**Activity**
Restate the data exactly as given and keep the pictures out.
******
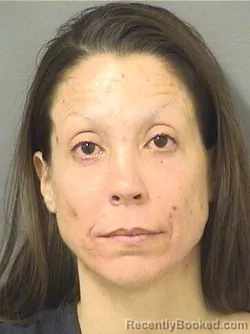 Booking photo from Palm Beach County, Florida
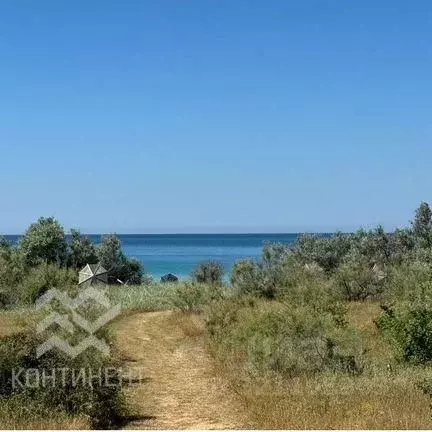 Участок в Крым, Черноморский район, Оленевское с/пос, с. Оленевка  ... - Фото 1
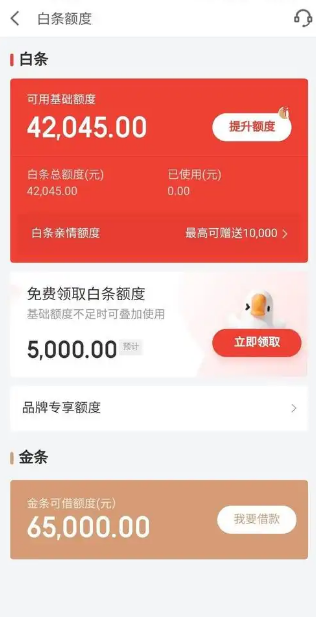 轻松提升京东白条额度，解锁财务周转通道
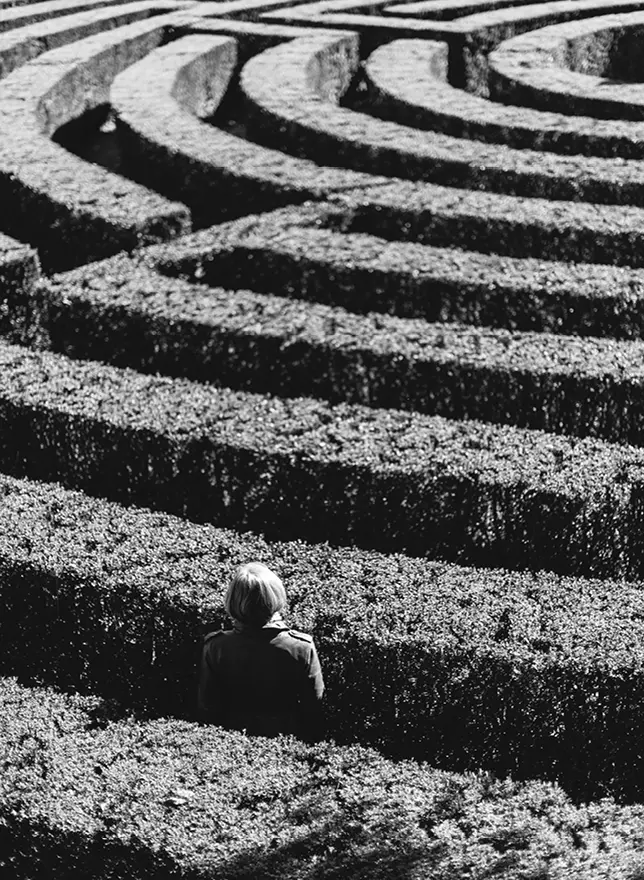 The labyrinth of probate by Dan Marsden at Probate.Auction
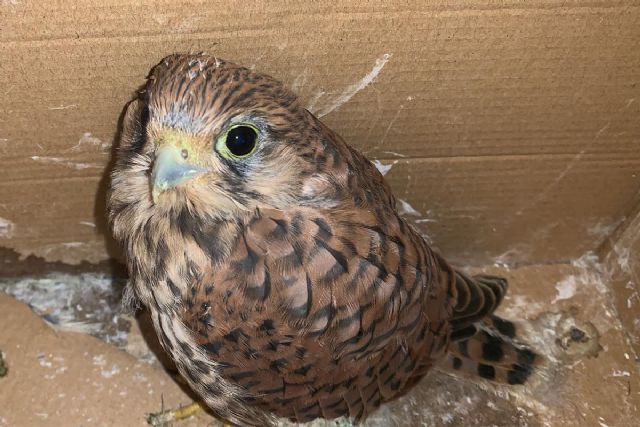 Rescatan una cría de cernícalo en la zona de nueva Santa Lucía - 1, Foto 1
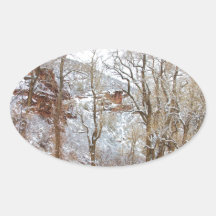 Snow Dusted Colorado Scenic Drive Stickers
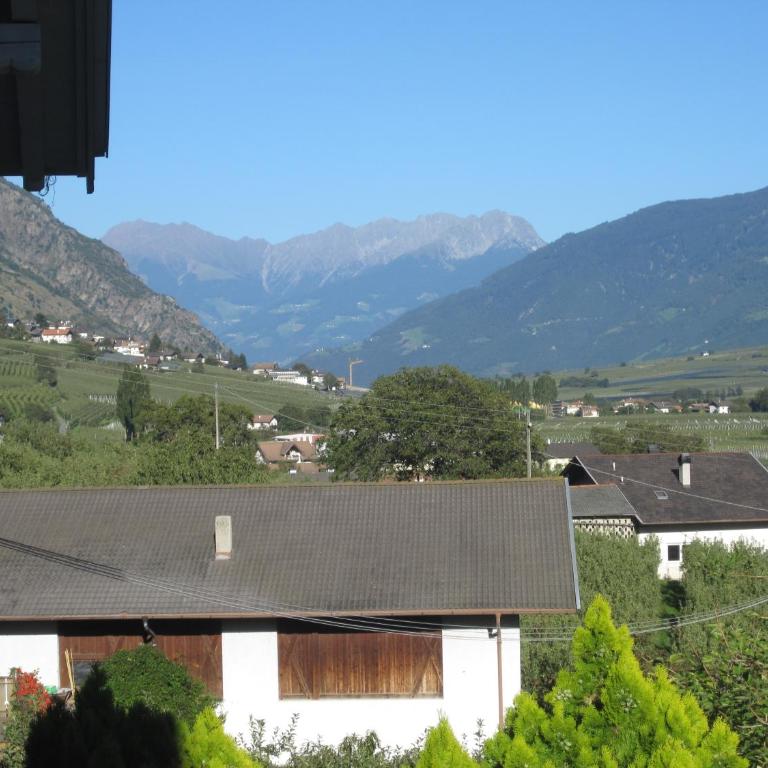 Villa Malus - Appartamento - 5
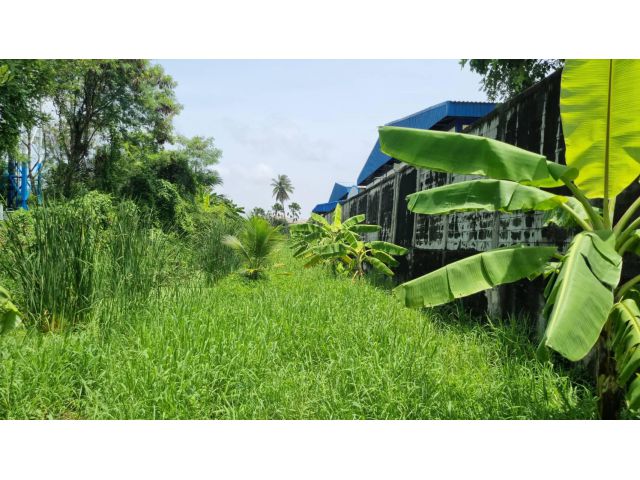 ขายที่ดินท่าข้าม ซอยรางโพธิ์ล่าง 378 ตร.ว. ทำเลเยี่ยม ใกล้สวนกุหลาบธนบุรี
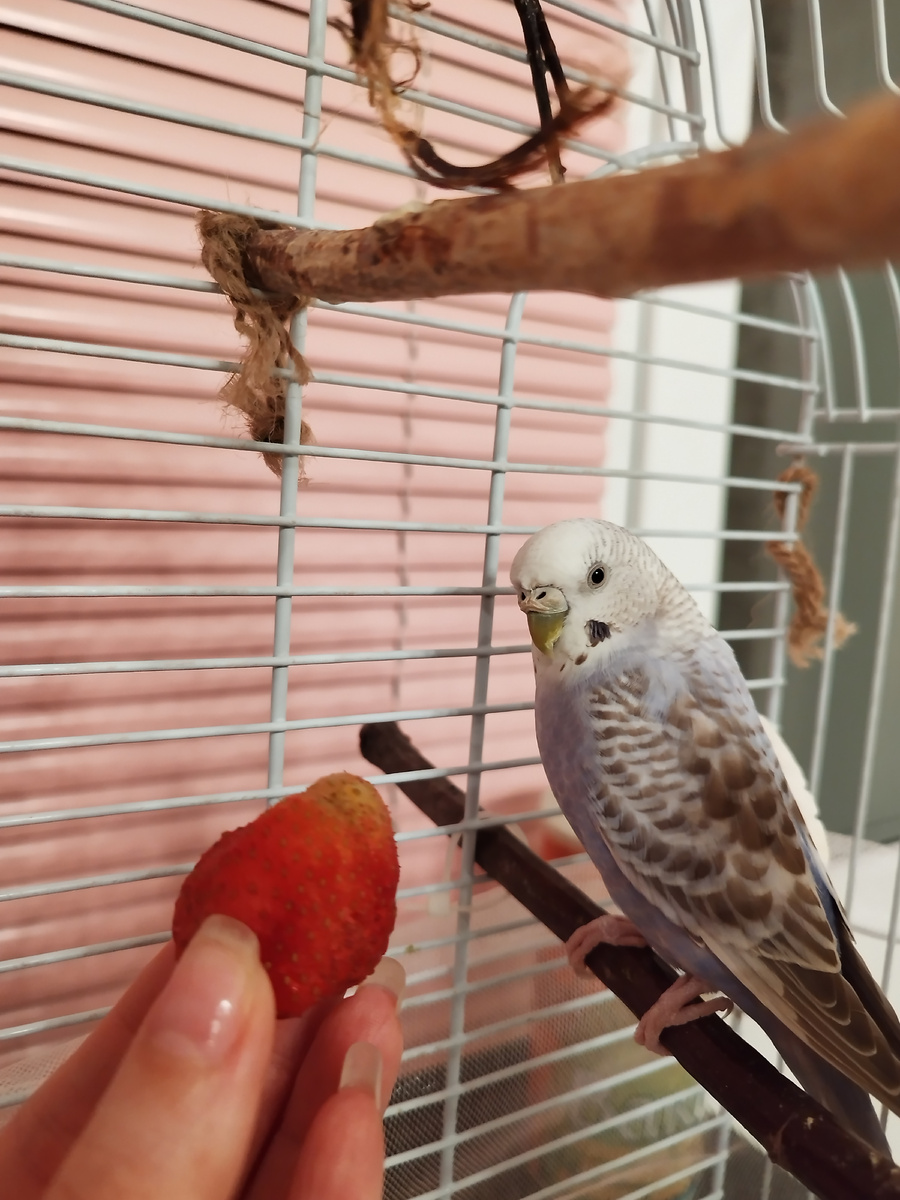 Предлагаю Молли клубнику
******
**Exercise result**
 Booking photo from Palm Beach County, Florida
 Участок в Крым, Черноморский район, Оленевское с/пос, с. Оленевка  ... - Фото 1
 轻松提升京东白条额度，解锁财务周转通道
 The labyrinth of probate by Dan Marsden at Probate.Auction
 Rescatan una cría de cernícalo en la zona de nueva Santa Lucía - 1, Foto 1
 Snow Dusted Colorado Scenic Drive Stickers
 Villa Malus - Appartamento - 5
 ขายที่ดินท่าข้าม ซอยรางโพธิ์ล่าง 378 ตร.ว. ทำเลเยี่ยม ใกล้สวนกุหลาบธนบุรี
 Предлагаю Молли клубнику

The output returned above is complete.